AMD Phenom II X4: Power 17% Down, Efficiency 11.6% Up
The peak power consumption under load decreased by as much as 17% using the lowest stable voltage we found on the Phenom II X4 955. As performance didn’t change, this introduced a 11.6% increase in performance per watt using PCMark Vantage as the benchmark. AMD’s Cool’n’Quiet power saving technology poses a disadvantage for power savings through undervolting, as it always switches to its default settings regardless of your voltage configuration. Hence the idle power remained at 99 W at all times.
Intel Core 2 Extreme: Power 20% Down, Efficiency 13.8% Up
The results were even more substantial on our Core 2 Extreme QX9650 test system, where the power consumption at peak load went down by an amazing 20% without losing any performance.

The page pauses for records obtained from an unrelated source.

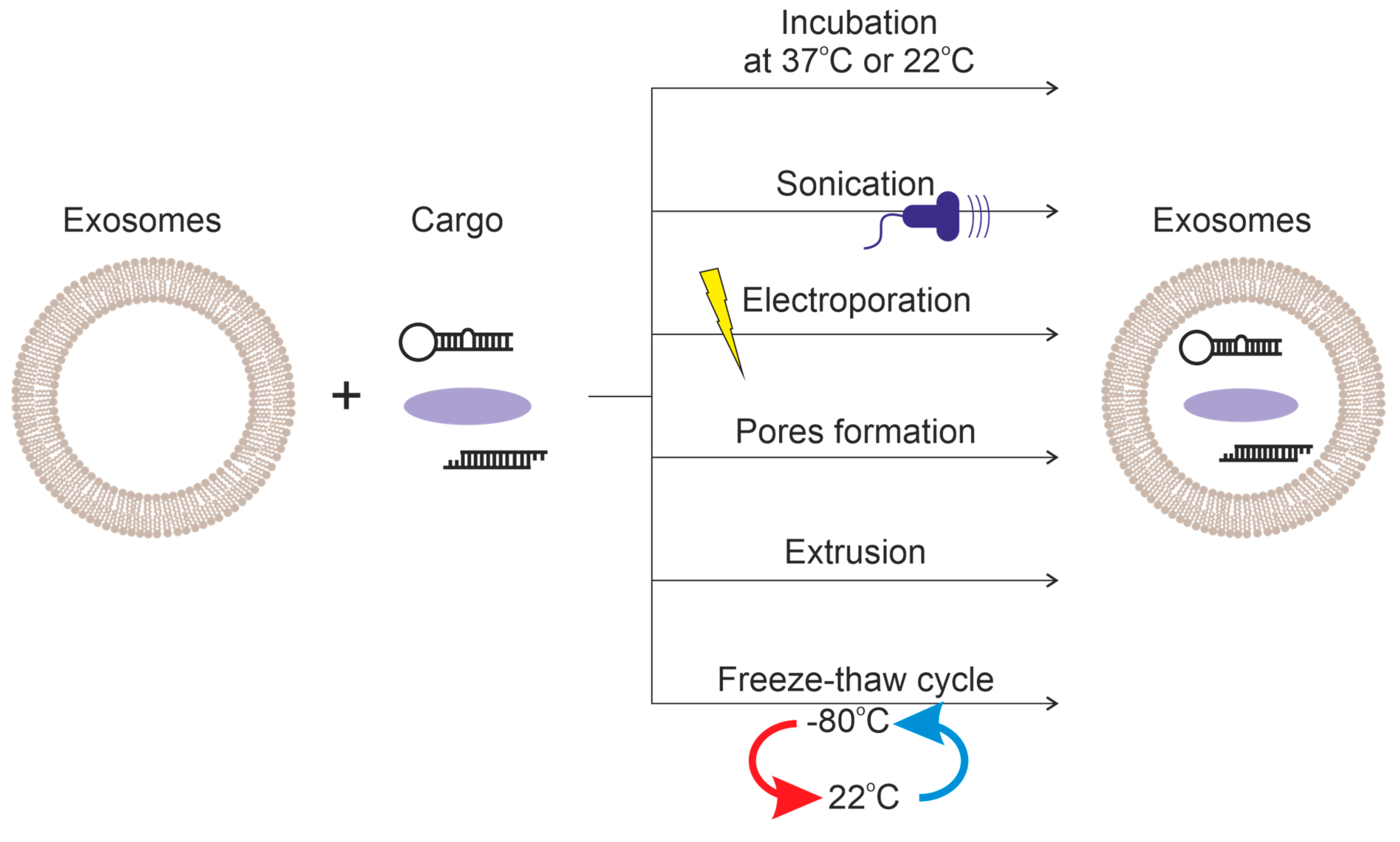 Ijms 24 10194 g004 Ijms 24 10194 g004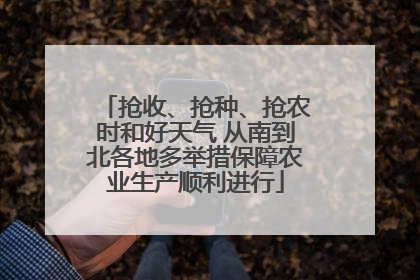 抢收、抢种、抢农时和好天气 从南到北各地多举措保障农业生产顺利进行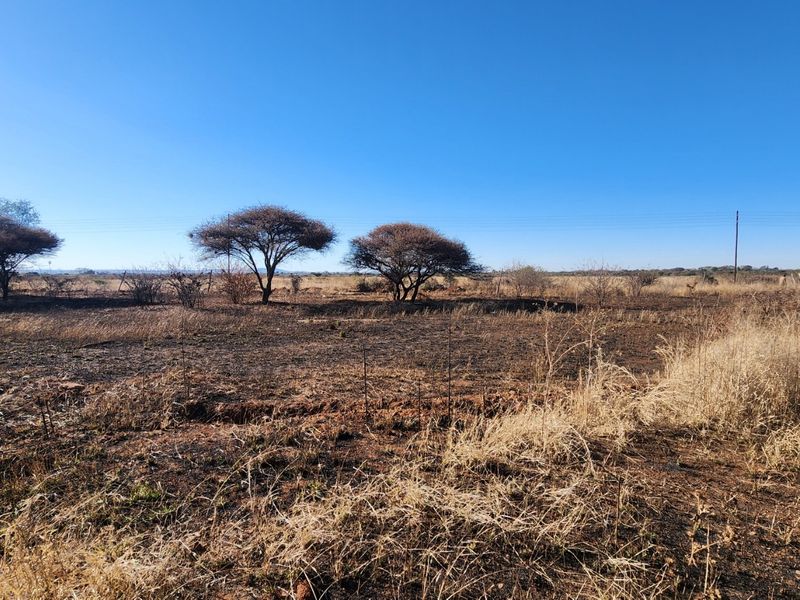 A wide-angle view of a vacant commercial land plot featuring natural vegetation, scattered trees, and perimeter fencing under a clear blue sky.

This allowed the performance per watt score in PCMark Vantage to improve by 13.8%. As Intel’s processor voltage in SpeedStep power saving mode depends on the set core voltage, the idle voltage decreased quite a bit as well—down to only 1.008 V. This introduced idle power savings of 8%.
Should I Do This?
We were amazed at the relatively wide margins we found for undervolting, as we had expected to run into trouble earlier. Both the AMD and the Intel machine showed that modern processors can in fact be operated at significantly reduced voltage. We achieved a 16% voltage reduction on the AMD Phenom II X4 system and 16.6% reduction on the Intel Core 2 Extreme. Both lead to system-wide power savings of 17-20% at peak.
You’ll have to be sure that your undervolt settings work reliably, but we can only recommend trying out the potential savings carefully. Keep in mind that it doesn’t have to be a 16% voltage reduction—anything around 10% should introduce major power savings at zero cost and with no performance impact.